July 19th - The Great Connecticut Mud Plume

Stripers and Blues

Well, how about that Connecticut River mud plume, eh? Right around the time last week’s fishing report was being published, the river mouth was injecting chocolatey, log-laden madness into the Long Island Sound. We would be remiss if we didn’t also send our condolences to those in Vermont who lost property and well-wishes for a strong, fast recovery.

Here in the sound, the mud did quite a lot, and we are still dealing with its impacts a week later. The water is stained, even in backwater tidal creeks where incoming tides have pushed coffee-colored water into what are typically quite clear feeder creeks. On the shores, you’re probably going to notice some new decorations in the forms of logs, entire trees, branches, and the odd bit of dock that broke away in the tumult.

So, how did it affect the fishing and our resident summer populations of striped bass? Thankfully, the resilience that these fish display in their annual migration up and down the east coast was again on display, since, as far as we can tell, our resident bass are still here and still hungry. They do, however, seem to be a bit more willing to hit baits when the water is more clear. For those west of the CT River, the water seems to be a bit more clear on an outgoing tide, when the muddy CT River water is pushed east. For those east of the river, the opposite is true, as the incoming tide pushes the mud west and brings fresh, clean water into the Sound. Is this a precise equation? No. But it might help you get your bait into water with 3 or 4 feet of visibility instead of 1 foot, and that generally means a better bite.

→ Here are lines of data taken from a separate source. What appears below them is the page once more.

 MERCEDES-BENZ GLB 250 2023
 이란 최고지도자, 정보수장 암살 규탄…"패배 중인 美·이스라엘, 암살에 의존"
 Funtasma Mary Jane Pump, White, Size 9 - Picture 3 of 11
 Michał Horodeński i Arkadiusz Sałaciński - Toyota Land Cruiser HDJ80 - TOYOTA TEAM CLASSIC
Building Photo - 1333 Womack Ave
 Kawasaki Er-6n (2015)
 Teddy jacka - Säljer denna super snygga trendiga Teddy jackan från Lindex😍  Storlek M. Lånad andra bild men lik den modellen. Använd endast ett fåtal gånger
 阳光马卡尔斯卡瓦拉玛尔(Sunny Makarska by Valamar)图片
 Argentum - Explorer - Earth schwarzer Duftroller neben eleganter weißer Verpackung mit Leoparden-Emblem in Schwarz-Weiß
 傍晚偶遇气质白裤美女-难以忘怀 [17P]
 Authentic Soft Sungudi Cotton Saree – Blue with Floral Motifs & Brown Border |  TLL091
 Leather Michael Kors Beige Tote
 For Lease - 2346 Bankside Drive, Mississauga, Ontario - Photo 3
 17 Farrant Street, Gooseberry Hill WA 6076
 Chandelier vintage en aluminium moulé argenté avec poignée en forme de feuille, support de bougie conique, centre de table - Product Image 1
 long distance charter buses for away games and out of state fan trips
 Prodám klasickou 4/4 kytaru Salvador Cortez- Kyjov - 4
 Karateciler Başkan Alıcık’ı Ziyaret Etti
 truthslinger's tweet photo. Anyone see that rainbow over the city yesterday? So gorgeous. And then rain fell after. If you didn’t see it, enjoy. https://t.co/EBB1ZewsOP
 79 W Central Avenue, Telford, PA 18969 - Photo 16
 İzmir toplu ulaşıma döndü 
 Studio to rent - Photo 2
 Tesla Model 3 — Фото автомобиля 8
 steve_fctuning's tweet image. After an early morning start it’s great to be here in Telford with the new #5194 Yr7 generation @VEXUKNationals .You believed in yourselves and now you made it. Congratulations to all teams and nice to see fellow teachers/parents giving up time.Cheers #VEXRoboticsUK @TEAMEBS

Stripers are fantastic night hunters, so finding food in stained or muddy water isn’t as hard for them as we may think. But, we can help them out by using bigger profile baits that move water and create vibration, letting them dial in on the location of our bait with their lateral line. So if you usually use a small soft plastic, try a large-profile bait. If you prefer topwater baits with no knock inside, try one with some ball-bearings to create some noise, or even grab a popper to pull in fish that are curious about all of the commotion.

Generally speaking, our bass and blues are still here. And yes, the blues are still here, even in mid-July. They are usually around, for sure, but it seems the size and number of blues is still reminiscent of the usual early run of them in May. Apparently, they liked our waters so much they decided to stay. If you find yourself in the mix with a bunch of blues, try switching to single hook plugs. It will make your life so much easier.

Seabass and Porgies

Seabass fishing is consistent, though anglers are needing to work through a few spots to find a biomass of good fighting size fish. Deeper water has been key, with the best reports coming from 50+ feet, and up to over 100 feet. Slow pitch jigs, Nomad Squidtrex, bait rigs, and vertically jigged heavy epoxies are doing well bringing in some good fish. Porgies have been plentiful and anglers on boat, shore, and yak are getting them pretty consistently.


Fluke season continues its rollercoaster ride of alternatively solid and bland fishing. The stained water doesn’t help, but these conditions give fluke anglers a great excuse to throw on their biggest, smelliest presentation with all of the accoutrement and go for a giant doormat. Brighter colors and some good scent will very much help bring in these fish in the stained water. Adding a spinner or something flashy doesn’t hurt either. Homemade fluke rig enthusiasts unite!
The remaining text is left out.